As you can see from earlier that particular project has a bunch of remotes. Now, when I'm working in a repository I have to push updates to each and every one of them. I could push to each one in sequence but that kind of sucks as a workflow because it's easy to forget things. There's an easier way that someone showed me else.net (I wish I could remember whom - please ping me and I'll credit you). When you use Git you can set up a .gitconfig file in your home directory to set some personal defaults. Here's mine:

{15:23:02 @ Sun Dec 20}
[drwho @ windbringer exocortex-agents] () $ cat ~/.gitconfig 
[user]
    email = drwho at virtadpt dot net
    name = The Doctor
    signingkey = 0x807B17C1
[push]
    default = simple
[alias]
    pushall = !git remote | xargs -L1 -P0 git push --all --follow-tags

The [user] and [push] bits are there because Git yells at you if they're not set, which is a bit of a misfeature as far as I'm concerned. But it is what it is. It's the [alias] block that is of interest to us. Here's what it means when you break it down:

  • pushall - The name of the new git command to create.
  • !git - Run the command git in a subshell.
  • remote - List just the names of the configured remotes, without their URLs.
  • | - Run the output into another command.
  • xargs - A basic command line utility (manpage) that basically means "for every thing you pass me that is separated by a newline or whitespace, I will do the following thing to it."
  • -L1 - Take at most one full line from the input to xargs at a time.
  • -P0 - Run as many processes simultaneously as possible. This basically amps off xargs runs. You probably don't need this but I find it handy.
  • git push - Push new commits.
  • --all - Push all branches with new commits, all at once.
  • This is a thing folks usually do at work. If it's just you there isn't really much of a need for this. The command line option won't hurt anything, though.
  • --follow-tags - Also push all annotated tags that have any changes.
  • Same. If you use tags, you know. If you don't use tags, don't worry.
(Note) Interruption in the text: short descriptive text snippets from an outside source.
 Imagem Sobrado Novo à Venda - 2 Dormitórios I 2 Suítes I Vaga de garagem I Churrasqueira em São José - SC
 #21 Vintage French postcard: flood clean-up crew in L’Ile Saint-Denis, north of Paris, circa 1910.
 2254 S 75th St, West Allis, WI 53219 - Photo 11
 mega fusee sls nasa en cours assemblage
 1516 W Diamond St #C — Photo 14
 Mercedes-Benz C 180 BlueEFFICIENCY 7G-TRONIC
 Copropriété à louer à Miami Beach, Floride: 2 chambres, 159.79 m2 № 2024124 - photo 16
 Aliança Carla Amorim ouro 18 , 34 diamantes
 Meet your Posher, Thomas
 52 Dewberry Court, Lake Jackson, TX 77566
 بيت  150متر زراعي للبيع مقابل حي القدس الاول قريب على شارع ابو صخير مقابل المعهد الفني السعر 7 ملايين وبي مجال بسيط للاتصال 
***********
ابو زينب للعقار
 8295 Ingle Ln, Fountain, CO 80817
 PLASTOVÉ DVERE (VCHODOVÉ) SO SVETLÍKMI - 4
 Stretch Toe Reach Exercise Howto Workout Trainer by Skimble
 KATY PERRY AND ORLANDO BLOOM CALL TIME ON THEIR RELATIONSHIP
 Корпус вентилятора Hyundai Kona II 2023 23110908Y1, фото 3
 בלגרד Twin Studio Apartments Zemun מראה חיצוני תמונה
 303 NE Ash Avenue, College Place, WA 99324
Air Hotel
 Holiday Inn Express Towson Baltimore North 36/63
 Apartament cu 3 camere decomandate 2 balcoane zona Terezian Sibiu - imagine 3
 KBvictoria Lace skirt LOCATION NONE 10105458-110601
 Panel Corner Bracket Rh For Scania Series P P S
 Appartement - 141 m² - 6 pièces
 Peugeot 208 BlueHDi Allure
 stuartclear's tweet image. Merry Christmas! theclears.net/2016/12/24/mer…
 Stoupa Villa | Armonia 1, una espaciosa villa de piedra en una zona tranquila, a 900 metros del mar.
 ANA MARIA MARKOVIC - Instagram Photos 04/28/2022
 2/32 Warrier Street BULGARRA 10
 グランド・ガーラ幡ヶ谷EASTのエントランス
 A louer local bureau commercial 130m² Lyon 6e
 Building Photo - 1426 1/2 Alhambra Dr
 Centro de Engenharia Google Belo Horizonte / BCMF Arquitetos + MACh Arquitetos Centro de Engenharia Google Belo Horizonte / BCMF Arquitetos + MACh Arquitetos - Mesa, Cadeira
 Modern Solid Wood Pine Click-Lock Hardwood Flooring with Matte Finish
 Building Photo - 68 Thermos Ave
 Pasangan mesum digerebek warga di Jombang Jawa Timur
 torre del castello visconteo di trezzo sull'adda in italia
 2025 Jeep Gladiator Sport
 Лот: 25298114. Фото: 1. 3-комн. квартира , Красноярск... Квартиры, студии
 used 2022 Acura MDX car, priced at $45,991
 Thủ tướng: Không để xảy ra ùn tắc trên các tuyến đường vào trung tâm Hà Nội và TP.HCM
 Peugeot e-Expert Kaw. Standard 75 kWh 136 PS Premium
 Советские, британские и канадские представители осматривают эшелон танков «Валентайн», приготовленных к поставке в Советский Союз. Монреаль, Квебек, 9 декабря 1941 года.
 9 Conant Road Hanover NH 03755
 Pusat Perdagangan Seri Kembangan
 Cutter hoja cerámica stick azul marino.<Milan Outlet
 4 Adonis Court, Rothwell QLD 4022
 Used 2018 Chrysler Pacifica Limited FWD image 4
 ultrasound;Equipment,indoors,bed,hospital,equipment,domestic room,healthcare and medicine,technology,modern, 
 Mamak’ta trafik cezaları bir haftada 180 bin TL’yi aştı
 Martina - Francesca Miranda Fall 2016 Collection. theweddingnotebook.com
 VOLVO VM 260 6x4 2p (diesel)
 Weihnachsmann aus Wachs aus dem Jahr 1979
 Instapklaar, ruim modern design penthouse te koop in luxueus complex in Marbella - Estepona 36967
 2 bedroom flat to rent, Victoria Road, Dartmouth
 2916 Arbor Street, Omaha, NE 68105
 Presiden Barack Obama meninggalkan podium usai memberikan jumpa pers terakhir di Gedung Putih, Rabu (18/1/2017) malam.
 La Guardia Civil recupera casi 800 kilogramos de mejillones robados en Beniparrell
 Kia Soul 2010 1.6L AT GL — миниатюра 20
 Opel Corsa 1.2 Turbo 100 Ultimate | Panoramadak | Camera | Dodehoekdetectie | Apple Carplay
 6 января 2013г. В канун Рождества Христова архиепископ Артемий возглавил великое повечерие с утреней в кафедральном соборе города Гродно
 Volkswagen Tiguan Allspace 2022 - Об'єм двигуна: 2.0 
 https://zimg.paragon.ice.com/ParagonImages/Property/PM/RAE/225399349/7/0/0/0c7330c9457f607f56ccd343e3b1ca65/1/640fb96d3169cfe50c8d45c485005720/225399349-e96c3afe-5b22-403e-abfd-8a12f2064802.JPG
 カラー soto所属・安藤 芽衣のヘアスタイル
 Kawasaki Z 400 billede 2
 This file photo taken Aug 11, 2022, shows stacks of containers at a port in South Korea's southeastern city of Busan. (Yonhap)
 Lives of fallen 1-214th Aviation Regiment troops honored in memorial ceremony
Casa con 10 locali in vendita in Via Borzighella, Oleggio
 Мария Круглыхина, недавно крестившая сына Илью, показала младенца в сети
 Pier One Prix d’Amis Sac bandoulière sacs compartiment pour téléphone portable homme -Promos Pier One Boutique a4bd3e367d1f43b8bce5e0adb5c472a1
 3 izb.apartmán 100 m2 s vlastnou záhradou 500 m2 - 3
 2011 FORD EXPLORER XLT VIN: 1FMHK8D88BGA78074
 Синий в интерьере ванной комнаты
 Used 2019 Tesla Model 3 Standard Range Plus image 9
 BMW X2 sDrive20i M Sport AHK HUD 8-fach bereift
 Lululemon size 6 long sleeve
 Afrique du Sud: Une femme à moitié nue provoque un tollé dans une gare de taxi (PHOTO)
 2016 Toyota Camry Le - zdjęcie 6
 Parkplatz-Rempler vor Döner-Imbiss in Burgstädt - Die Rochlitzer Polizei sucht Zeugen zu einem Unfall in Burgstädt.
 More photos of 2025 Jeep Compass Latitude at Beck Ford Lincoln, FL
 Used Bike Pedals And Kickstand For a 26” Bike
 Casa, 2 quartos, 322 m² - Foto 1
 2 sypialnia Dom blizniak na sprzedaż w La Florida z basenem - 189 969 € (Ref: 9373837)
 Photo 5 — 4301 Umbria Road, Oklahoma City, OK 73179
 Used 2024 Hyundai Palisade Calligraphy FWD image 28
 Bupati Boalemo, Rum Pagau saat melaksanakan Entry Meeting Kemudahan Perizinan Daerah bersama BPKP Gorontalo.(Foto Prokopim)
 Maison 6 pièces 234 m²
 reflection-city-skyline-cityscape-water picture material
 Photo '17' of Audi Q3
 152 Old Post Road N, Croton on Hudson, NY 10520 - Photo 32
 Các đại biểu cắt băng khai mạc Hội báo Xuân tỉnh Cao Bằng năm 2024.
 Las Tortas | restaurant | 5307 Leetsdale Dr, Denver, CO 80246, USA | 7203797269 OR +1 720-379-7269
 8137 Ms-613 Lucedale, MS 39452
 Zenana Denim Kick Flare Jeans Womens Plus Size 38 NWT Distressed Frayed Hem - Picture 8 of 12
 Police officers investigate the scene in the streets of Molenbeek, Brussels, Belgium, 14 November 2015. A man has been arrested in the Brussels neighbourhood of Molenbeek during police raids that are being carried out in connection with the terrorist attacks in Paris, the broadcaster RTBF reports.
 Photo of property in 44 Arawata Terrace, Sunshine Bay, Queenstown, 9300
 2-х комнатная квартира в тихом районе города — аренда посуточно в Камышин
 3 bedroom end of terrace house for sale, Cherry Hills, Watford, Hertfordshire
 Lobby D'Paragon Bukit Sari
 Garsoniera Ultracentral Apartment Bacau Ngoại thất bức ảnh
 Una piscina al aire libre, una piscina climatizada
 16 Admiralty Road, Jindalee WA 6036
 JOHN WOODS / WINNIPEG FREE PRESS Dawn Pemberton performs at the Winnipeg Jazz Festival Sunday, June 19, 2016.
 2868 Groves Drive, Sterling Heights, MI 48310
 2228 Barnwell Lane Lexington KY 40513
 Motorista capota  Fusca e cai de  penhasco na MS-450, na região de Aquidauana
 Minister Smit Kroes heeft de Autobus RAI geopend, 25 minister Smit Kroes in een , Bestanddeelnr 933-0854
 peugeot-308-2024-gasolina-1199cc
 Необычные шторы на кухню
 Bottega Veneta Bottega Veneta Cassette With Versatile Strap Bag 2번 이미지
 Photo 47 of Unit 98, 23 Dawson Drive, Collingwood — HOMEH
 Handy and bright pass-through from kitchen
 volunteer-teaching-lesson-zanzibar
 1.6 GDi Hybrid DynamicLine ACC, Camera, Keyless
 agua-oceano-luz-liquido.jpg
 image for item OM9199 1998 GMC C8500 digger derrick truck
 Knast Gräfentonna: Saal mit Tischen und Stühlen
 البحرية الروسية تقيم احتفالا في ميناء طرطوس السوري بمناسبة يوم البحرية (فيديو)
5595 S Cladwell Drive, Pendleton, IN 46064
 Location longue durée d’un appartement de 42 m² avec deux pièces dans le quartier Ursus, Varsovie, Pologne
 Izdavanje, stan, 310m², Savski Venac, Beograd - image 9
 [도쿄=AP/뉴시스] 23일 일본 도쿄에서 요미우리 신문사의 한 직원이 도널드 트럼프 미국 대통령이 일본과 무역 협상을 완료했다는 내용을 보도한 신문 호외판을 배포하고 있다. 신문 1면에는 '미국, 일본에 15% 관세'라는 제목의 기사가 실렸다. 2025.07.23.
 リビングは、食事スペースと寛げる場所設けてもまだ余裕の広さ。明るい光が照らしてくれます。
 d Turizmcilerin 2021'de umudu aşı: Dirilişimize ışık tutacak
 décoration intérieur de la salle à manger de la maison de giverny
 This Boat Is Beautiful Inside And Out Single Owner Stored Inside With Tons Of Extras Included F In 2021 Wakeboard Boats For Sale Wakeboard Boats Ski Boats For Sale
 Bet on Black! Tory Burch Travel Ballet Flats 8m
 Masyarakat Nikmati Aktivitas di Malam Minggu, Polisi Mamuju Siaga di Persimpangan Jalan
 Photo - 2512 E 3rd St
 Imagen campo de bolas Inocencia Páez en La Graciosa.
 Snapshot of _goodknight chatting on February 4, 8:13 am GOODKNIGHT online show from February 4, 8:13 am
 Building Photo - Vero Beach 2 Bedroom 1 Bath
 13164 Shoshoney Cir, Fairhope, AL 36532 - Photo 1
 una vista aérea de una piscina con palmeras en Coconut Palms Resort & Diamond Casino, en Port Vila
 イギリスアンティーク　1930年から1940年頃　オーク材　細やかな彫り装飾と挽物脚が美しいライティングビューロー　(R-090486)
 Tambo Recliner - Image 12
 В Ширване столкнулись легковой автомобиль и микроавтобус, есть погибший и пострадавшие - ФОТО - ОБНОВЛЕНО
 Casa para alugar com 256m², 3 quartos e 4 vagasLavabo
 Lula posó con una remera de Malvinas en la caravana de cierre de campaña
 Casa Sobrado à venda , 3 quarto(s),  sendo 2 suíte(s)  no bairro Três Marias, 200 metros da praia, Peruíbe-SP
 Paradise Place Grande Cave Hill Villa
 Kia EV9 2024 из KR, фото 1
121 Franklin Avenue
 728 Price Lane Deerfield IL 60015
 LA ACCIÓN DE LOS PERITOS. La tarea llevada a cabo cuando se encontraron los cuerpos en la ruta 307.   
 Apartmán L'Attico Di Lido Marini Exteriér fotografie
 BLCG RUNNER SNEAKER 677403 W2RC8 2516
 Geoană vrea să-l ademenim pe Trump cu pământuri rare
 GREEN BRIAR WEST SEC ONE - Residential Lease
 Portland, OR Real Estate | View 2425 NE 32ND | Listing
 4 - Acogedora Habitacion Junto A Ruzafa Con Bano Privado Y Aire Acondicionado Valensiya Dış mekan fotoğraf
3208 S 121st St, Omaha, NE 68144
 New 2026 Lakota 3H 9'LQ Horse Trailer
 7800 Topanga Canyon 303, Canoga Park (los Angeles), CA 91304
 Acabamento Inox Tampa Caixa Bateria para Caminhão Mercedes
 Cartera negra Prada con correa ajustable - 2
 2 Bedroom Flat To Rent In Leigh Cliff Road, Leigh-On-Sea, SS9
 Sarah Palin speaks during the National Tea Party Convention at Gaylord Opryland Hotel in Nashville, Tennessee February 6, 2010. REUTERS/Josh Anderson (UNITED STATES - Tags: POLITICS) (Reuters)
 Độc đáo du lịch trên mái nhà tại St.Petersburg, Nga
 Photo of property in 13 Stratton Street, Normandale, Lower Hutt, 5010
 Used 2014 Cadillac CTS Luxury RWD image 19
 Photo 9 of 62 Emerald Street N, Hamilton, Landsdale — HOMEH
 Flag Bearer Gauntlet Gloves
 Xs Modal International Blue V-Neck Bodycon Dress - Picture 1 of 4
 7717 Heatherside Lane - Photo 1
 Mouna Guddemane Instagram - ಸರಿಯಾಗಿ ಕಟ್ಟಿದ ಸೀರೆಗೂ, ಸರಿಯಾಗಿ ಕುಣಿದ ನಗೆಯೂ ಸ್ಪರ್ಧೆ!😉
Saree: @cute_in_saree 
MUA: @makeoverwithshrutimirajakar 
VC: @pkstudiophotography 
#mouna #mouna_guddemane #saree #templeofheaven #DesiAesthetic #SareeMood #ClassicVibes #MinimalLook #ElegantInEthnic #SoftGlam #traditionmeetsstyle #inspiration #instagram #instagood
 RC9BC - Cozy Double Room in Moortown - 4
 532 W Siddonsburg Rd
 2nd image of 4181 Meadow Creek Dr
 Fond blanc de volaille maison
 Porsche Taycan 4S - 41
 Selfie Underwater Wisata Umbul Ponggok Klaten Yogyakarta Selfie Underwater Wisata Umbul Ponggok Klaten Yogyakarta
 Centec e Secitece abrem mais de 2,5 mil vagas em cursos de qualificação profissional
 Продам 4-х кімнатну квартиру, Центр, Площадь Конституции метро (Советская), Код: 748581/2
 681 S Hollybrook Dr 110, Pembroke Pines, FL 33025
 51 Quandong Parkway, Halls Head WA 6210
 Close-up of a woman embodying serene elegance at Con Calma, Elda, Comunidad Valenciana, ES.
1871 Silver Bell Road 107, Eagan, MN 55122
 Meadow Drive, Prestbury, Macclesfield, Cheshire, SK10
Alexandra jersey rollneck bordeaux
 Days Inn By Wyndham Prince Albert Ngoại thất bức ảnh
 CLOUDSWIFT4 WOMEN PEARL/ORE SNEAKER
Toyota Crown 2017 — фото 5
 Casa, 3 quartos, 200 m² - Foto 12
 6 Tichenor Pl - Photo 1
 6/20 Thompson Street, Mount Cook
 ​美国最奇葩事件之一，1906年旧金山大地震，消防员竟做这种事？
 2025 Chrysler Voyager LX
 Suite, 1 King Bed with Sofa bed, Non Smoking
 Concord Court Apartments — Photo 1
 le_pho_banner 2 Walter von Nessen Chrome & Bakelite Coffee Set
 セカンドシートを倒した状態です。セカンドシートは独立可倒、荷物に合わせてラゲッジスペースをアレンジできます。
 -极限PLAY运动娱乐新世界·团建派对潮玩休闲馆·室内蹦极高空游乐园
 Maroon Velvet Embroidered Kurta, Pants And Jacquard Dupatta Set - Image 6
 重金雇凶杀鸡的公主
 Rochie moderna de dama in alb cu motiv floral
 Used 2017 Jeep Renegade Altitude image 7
Once the above line is in your ~/.gitconfig file you can use it regardless of what you're working on. Let's try it out:

{15:25:36 @ Sun Dec 20}
[drwho @ windbringer exocortex-agents] () $ git pushall

X11 forwarding request failed
Everything up-to-date
Host key fingerprint is SHA256:nThb...
Host key fingerprint is SHA256:HbW3...
Host key fingerprint is SHA256:IyW9...
X11 forwarding request failed on channel 1
X11 forwarding request failed on channel 1
Everything up-to-date
X11 forwarding request failed on channel 1
Everything up-to-date
Everything up-to-date

As you can see I just pushed all of my changes (there weren't any at the moment I wrote this, but just pretend there were) to all three remotes. The output is a little out of order due to the -P0 argument to xargs, but that's okay.

20210214 - NOTE - I think I found where I learned about this trick

And there we go. I hope you find this useful. Happy hacking!